Vaal was always going to be destroyed, it has to be to save the Enterprise. There is no other option. Vaal has backed Kirk into a corner. It has disabled the ship and is trying to kill the landing party. The fate of the feeders of Vaal is an irrelevance. Ironically Kirk comes closest to nailing down the futility of the constant debate when he says, “gentlemen, I think this philosophical argument can wait until our ship's out of danger.” But it doesn't wait and the writers end up making Kirk look like a hypocrite because they give him lines like, “we owe it to them to interfere.” Kirk's speech at the end about how great it is that the feeders of Vaal can now have babies and pick their own fruit just seems stupid. He shouldn't be pretending he was doing them a favour when what he was actually doing was saving the Enterprise.

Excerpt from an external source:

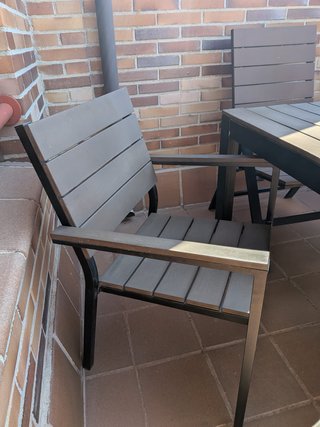 Mesa y 4 sillas terraza/jardín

Enterprise crew deaths: Hendorf (poisoned by a dart spitting plant), Kaplan (struck by lightning and vaporised), Mallory (treads on an exploding rock), and Marple (clubbed to death).
Running total: 34

Sunday, October 21, 2012

Mirror, Mirror


Mirror, Mirror, like The Alternative Factor, involves parallel universes. It would be a clever, if slightly smug, critical device to compare the two and demonstrate that one story is actually the mirror image of the other. But they are not, except that Mirror, Mirror is really good and The Alternative Factor is terrible (and in Mirror, Mirror Spock has a better and more convincing beard than The Alternative Factor's Lazarus). Mirror, Mirror isn't really about parallel universes anyway. The world of the Terran Empire is just a backdrop for Kirk, McCoy, Scotty, and Uhura to have an adventure in which their friends and colleagues are the baddies. This is the source for those television programmes in which characters meet different versions of themselves. That's not to say Star Trek invented the idea of parallel universes, or dopplegangers, but when most series reference either idea it will be Mirror, Mirror the writer is thinking of rather than John Wyndham's 1961 short story Random Quest, or Philip K. Dick's 1962 The Man In The High Castle, or Superman's Bizarro.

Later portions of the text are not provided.